Given the recent one year delay in the ICD-10 implementation date, I’d say we are right at half-time in the ICD-10 Super Bowl. Regardless as to whether you’re on a team that worked hard, focused on basic blocking and tackling, and gained some points in the first half or you’re on a team that made excuses for not trying, hoped ICD-10 would go away and that the lights will not come back on, this half-way point should be used as a time of reflection on how to best to return your team to battle and win the ICD-10 implementation game.
Take a short break
Use this time to gather your thoughts, think about what you’ve accomplished, and discuss matters with your assistants, coordinators and special team leads.
(Pretend) to be a raging bull
Half-time is emote-time. Recap what your team did well and not so well in the first half. Share your successes but also address your weak spots and/or failures. Deliver criticism to the team as a group first and, if individual players warrant attention, consider how best to motivate them publically and/or privately on using the second half to turn things around.

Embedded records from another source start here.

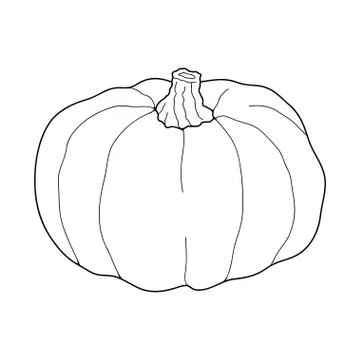 Pumpkin transparent vector illustration isolated on white background. Healthy 库存插图
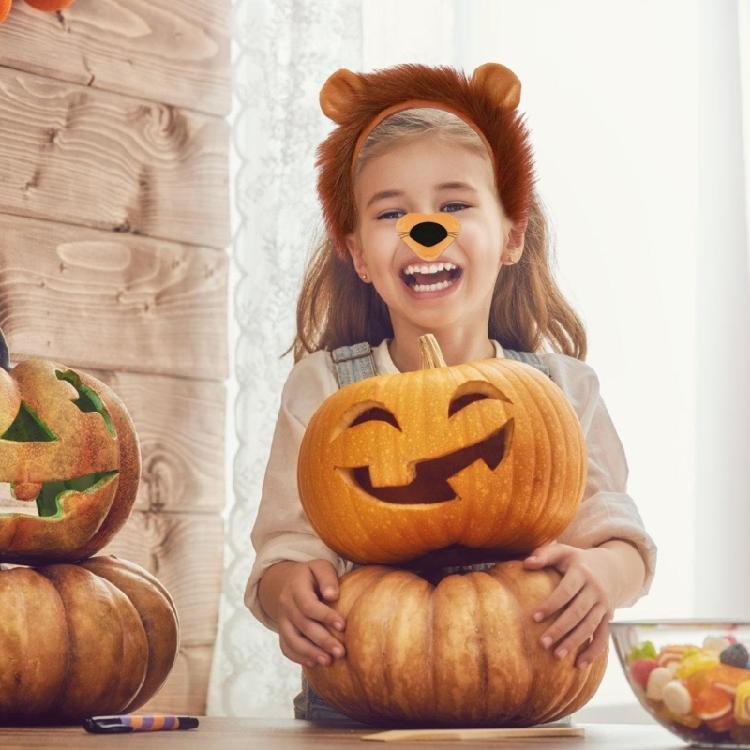 Lion Costume Animal Dress Up Costume Halloween Lion Dress Up Costume, Lion Hairband, Tail, Bowtie
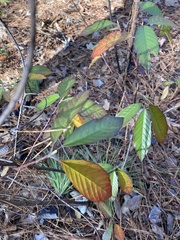 Frangula caroliniana
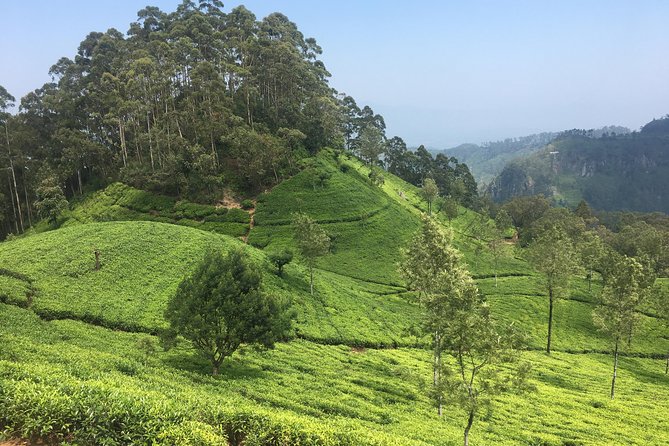 Sri Lanka Tour in 8 Days - Price and Booking Details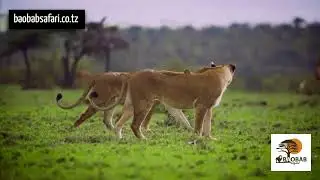 Tanzania Wildlife Safari Adventure with Baobab Safaris.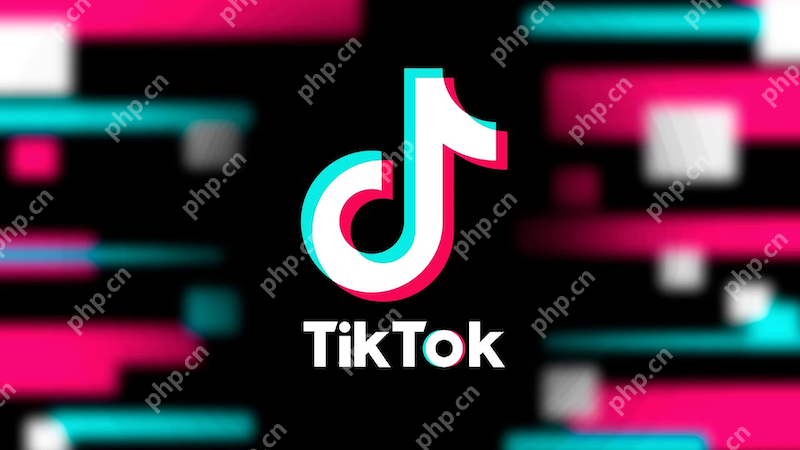 TikTok搜索功能失效怎么办？ - 菜鸟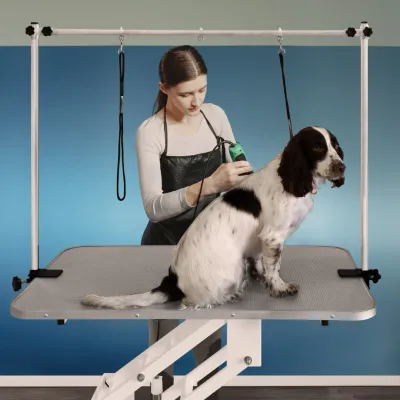 Hydraulischer Trimmtisch Pflegetisch Grooming Table Höhenverstellbar für grössere Haustiere weiss-grau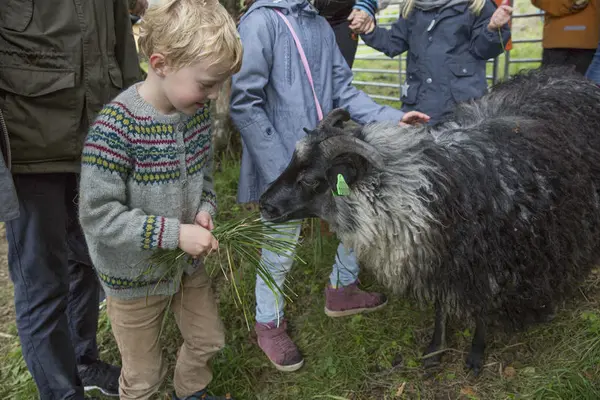 Høstdag på Bogstad Gård, familiearrangement for barn med dyr og mange aktiviteter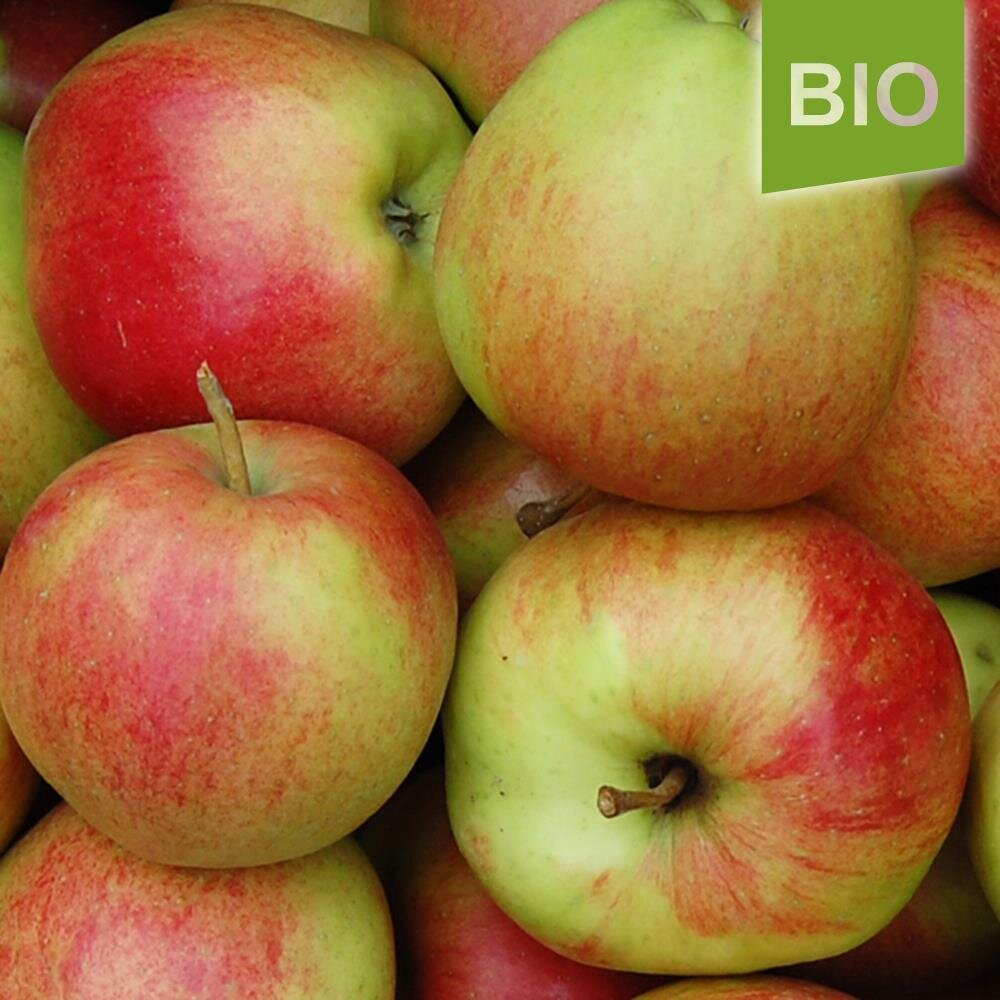 Bio-Apfel der Sorte € Allergiker-Apfel, 1,69 Santana, der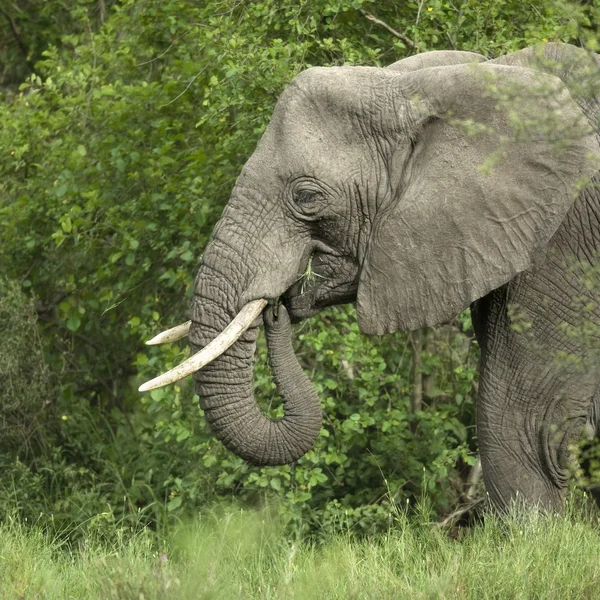 Vista lateral de la cabeza de un elefante —  Fotos de Stock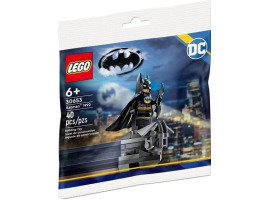 Конструктор LEGO Super Heroes DC Batman 1992 30653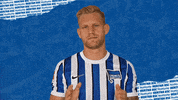 Arne Maier Var GIF by Hertha BSC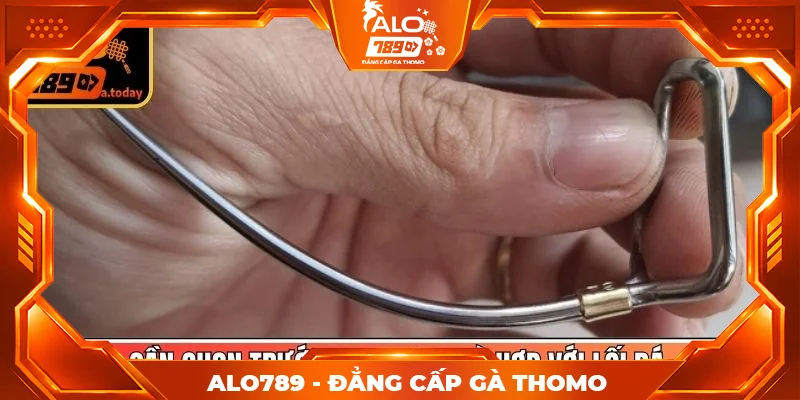 Cần chọn trước loại cựa phù hợp với lối đá
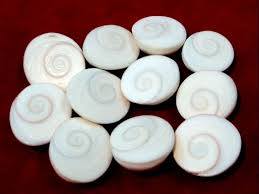 Gomti chakra benefits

Confirm your strategy and make adjustments if necessary
While you have your player’s attention, revisit goals and objectives that must be achieved in the second half leading up to October of 2014. Besides ensuring everyone understands their individual role and responsibilities, it’s important that all your players understand what’s needed to win the game. Spend a little time to reflect on what's working and what isn’t – and make changes accordingly.
Keep the Drive Alive and Avoid the Hail Mary Pass
There are all kinds of testosterone-laced clichés one could invoke at half-time to inspire the brute strength many think is needed to pull off a convincing ICD-10 Super Bowl victory. Just don’t forget that finesse, agility, team work and strategy are also requisites for success; teams often live and die solely on how well they work together.